A SUSTAINABLE DUO: UiB's Vice-Rector for Global Relations Annelin Eriksen and Professor Edvard Hviding in front of the symbols for the 17 Sustainable Development Goals in the United Nations building in New York.

On 11 to 13 December 2017, Vice-Rector Annelin Eriksen visited New York on a brief tour of the United Nations system. Along with Professor Edvard Hviding, the new Vice-Rector for Global Relations followed up on initiatives the University of Bergen (UiB) committed to during the United Nations Ocean Conference in June 2017, when Professor Hviding was part of a UiB delegation which successfully entered into several voluntary commitments with partners globally.

Entering into science diplomacy

In June 2017, UiB held several meetings with parties in the UN system on the sidelines of the Ocean Conference, and this was a direct precursor to the pre-Christmas visit to New York.

“We travelled to New York on the basis of an invitation from Norway's Mission to the UN to develop dialogues for research-based advice and to explore more general channels for science diplomacy connected with the UN's work towards the Sustainable Development Goals, or SDGs,” says Vice-Rector Eriksen.

The 17 SDGs tie in neatly with the UiB strategy 2016-2022 – Ocean, Life, Society. Eriksen believes the New York trip was particularly useful for underlining the strong connection between research and knowledge to support the SDGs.

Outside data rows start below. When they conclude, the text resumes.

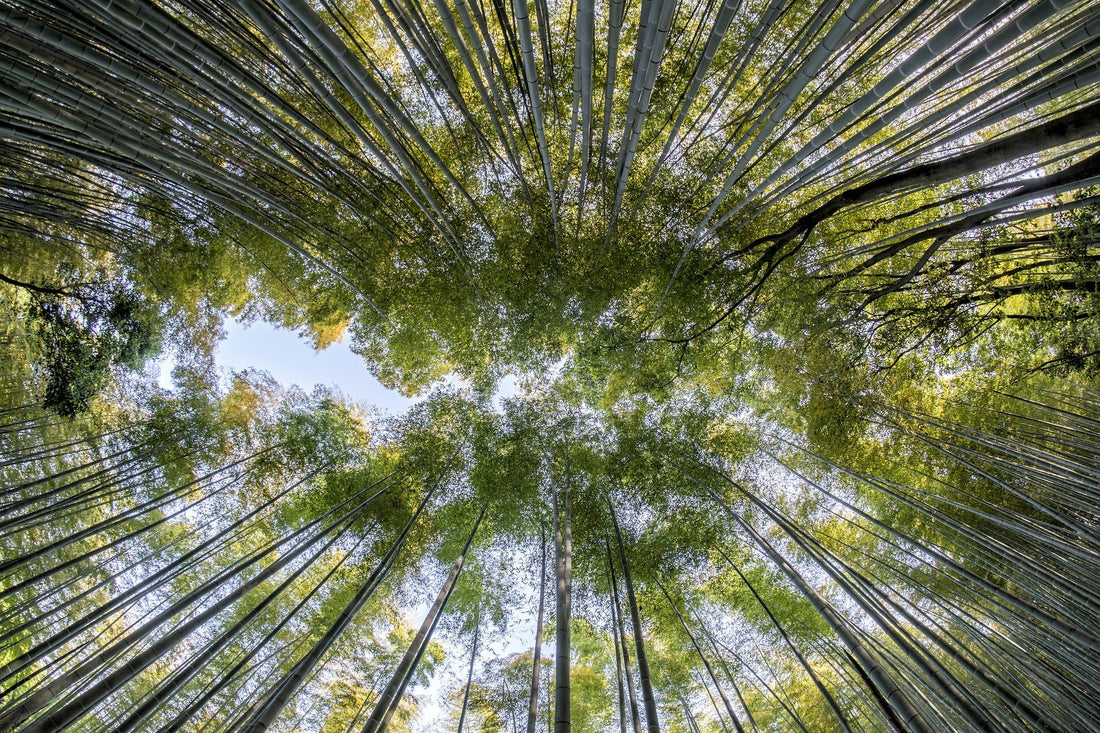 Bamboo, una carezza tutta naturale - Mysanity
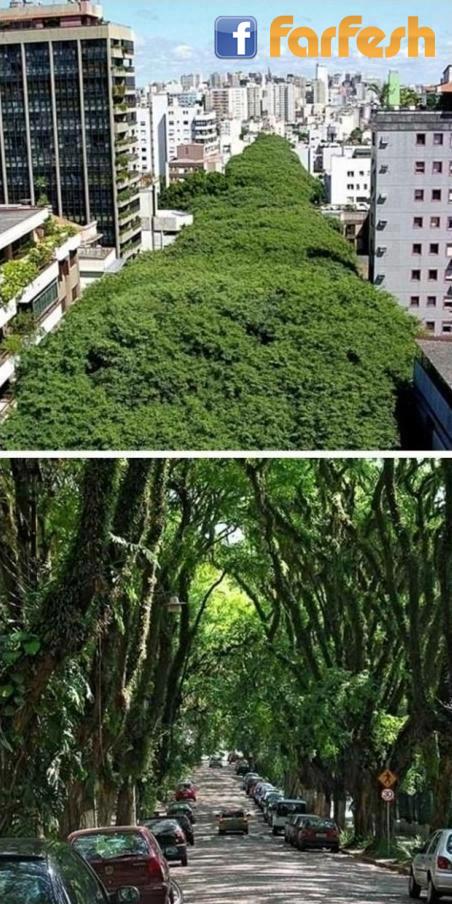 ���� ������� �� �������� ��� �� ����� ����� ������ ��������� 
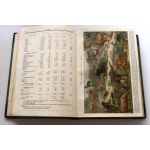 ILUSTROWANA ENCYKLOPEDIA Trzaski, Evarta i Michalskiego TOM I-VI [ładny komplet w obwolutach z suplementem]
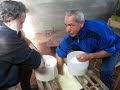 formaggio Pecorino Sardo fatto in casa formaggio Pecorino Sardo fatto in casa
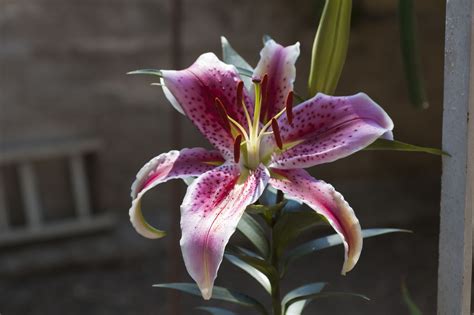 Symbolism of the Lily - The Flower That is a Part of History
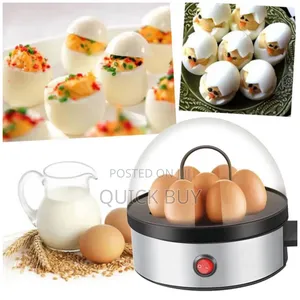 Unique Standard Egg Boiler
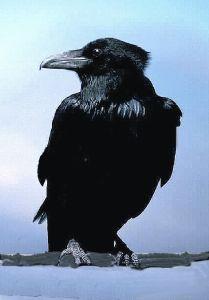 Foto van Animal essences crow (kraai) 30ml via drogist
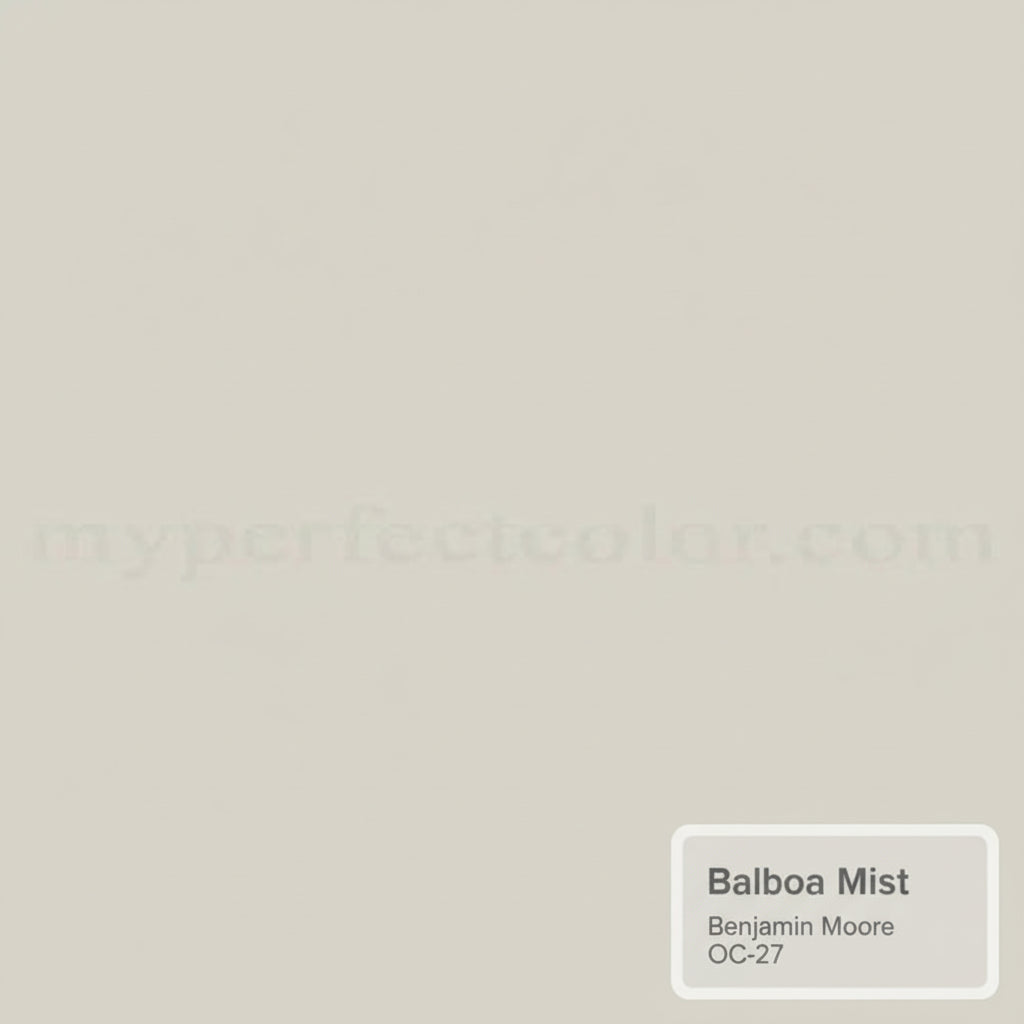 CEDARS KITTY GRAY-BALBOA Mist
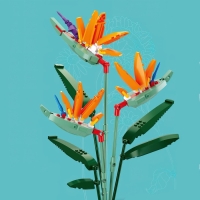 Конструктор &laquo;Цветы. Цветочная композиция&raquo;, 269 деталей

“Through a series of meeting in the UN system and various diplomatic missions, we were able to find common ground on how the university sector can and must be involved in the work towards sustainability and the goals set in the UN's Agenda 2030,” explains the Vice-Rector, “it is also important to build a better science-policy interface for the SDGs to succeed.”

Hectic activity in 2018

“In particular I would like to highlight the excellent dialogues we had with the UN's Department of Economic and Social Affairs (UN-DESA), as well as with ambassadors and advisers of Norway's Mission to the UN, where we made concrete commitments for future collaborations,” says Eriksen.

The Vice-Rector believes that 2018 will be a hectic year for both the UiB leadership and the university's researchers to engage in science diplomacy and strengthening the science-policy interface.

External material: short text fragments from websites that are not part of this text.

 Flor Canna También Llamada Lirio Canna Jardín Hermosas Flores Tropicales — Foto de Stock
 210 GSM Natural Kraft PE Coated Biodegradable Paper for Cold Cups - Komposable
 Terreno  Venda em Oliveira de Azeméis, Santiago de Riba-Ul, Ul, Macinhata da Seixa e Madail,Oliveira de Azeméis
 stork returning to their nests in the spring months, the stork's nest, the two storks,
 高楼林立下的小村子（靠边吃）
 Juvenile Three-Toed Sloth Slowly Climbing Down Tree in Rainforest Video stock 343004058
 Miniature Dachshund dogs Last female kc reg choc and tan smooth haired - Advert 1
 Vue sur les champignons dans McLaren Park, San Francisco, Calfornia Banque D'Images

“In our meetings with UN-DESA we received valuable information about what will be the prime SDG focus over the next 12 months for various actors in the UN system. There will be a considerable number of high level-meetings, where advice from science and higher education is highly valued,” she says, “in these arenas universities need to be present and ensure that political decisions are based on scientific knowledge.”

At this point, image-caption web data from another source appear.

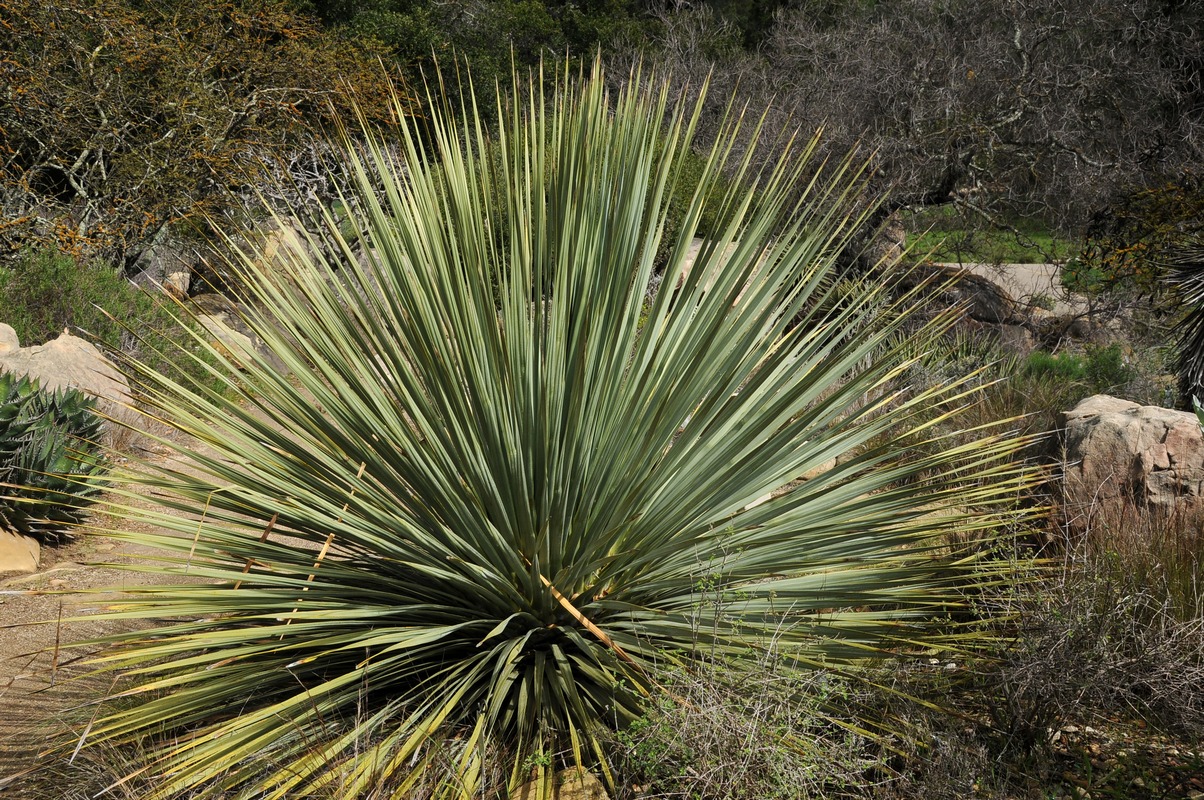 Image of Nolina parryi specimen.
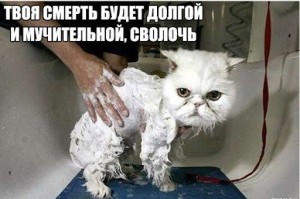 Создать мем: Кошка, кот, мокрый кот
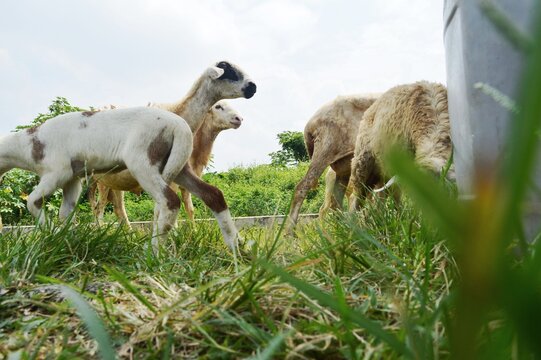 cute little goat in the fgarden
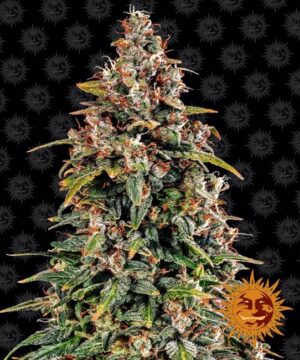 Watermelon Zkittlez Auto Feminized Seeds - Barney's Farm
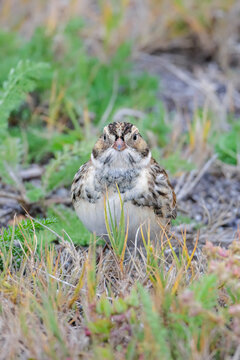 Lapland Longspur bird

Increased awareness on the SDGs

Vice-Rector Eriksen in particular looks forward to the challenge of engaging as many UiB researchers as possible in SDG-related scientific advice.

“During 2018 our university will implement a number of strategic measures to map and engage our research and education communities on SDG-related issues,” she says.

She promises to actively follow up on the various 2017 New York dialogues in her new role as Vice-Rector for Global Relations at UiB.

“I will take a direct initiative towards our researchers and encourage them to make proposals directed at UN meetings,” says Vice-Rector Annelin Eriksen.

The first big event in Bergen is a major national SDG conference on 8 and 9 February, with UiB hosting the university and higher education sector in Norway to explore how the sector can contribute to the SDGs. The conference represents the basis for a broader effort towards research on and for the SDGs over the years to come.